■ PROBLEM REQUIREMENTS
The data should be written out in full, exactly as it stands, and the pictures dropped.

>>>

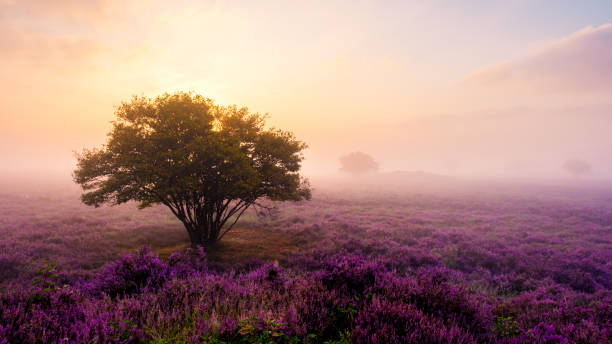 istock Mesmerizing heather fields bloom at Veluwe Zuiderheide in early morning light 2170559262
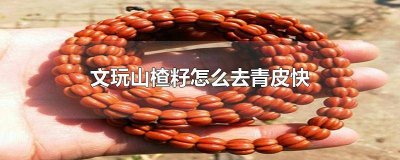 ​怎样去山楂籽 文玩山楂核怎么清理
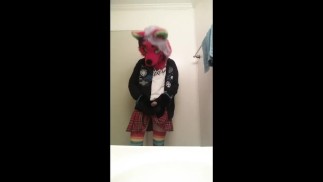 顽皮的狐狸抽搐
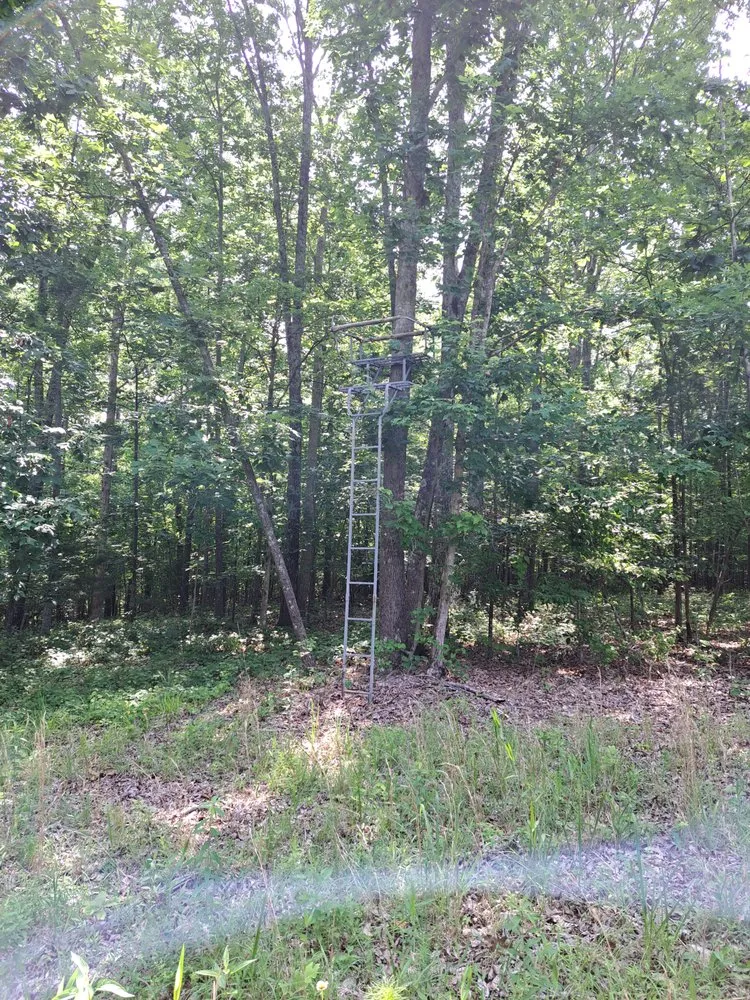 Affordable residential landscaping for residential properties in Winchester, TN by Premium Ground Worx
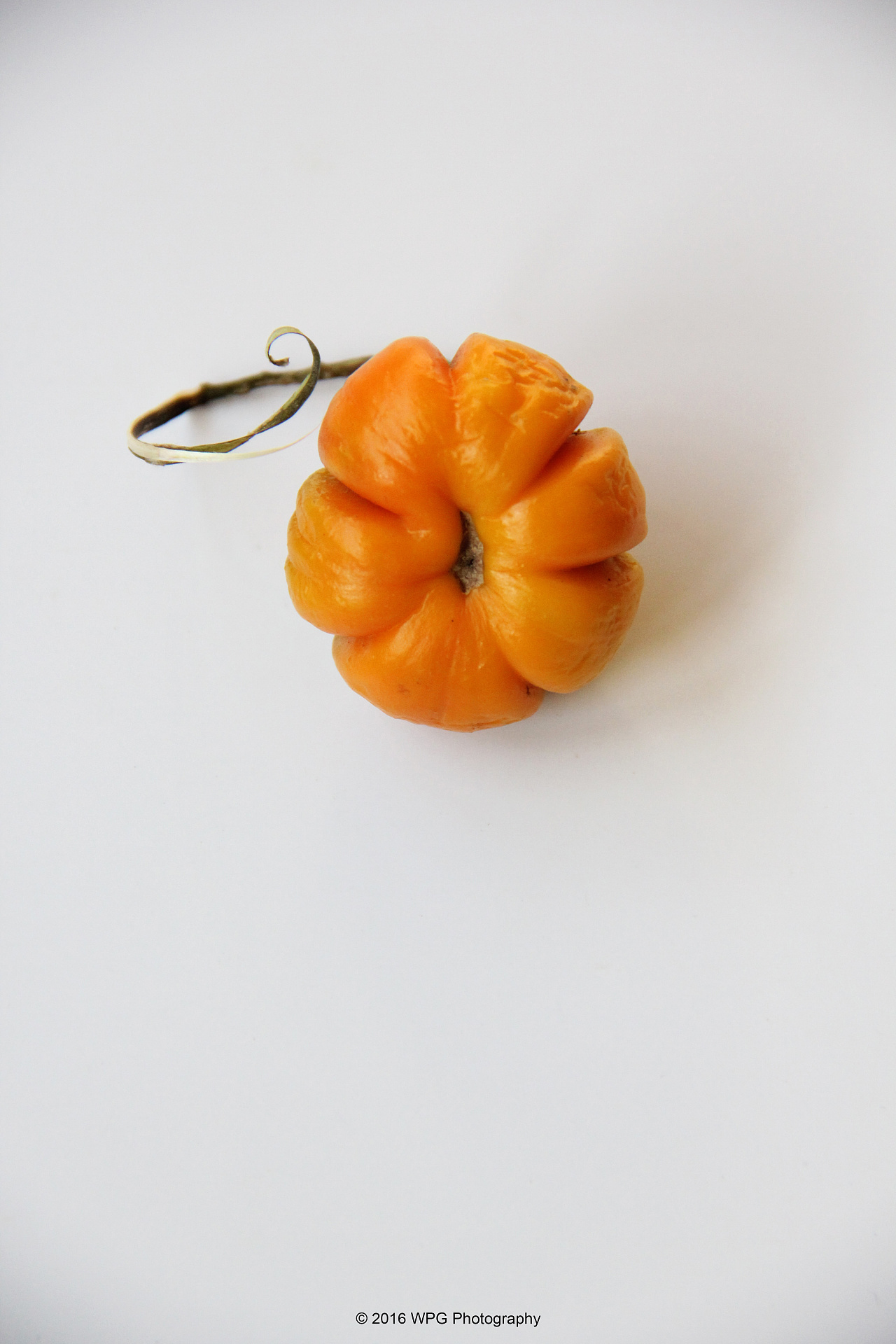 《 茄子南瓜心 》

<<<

■ YOUR SOLUTION
 istock Mesmerizing heather fields bloom at Veluwe Zuiderheide in early morning light 2170559262
 ​怎样去山楂籽 文玩山楂核怎么清理
 顽皮的狐狸抽搐
 Affordable residential landscaping for residential properties in Winchester, TN by Premium Ground Worx
 《 茄子南瓜心 》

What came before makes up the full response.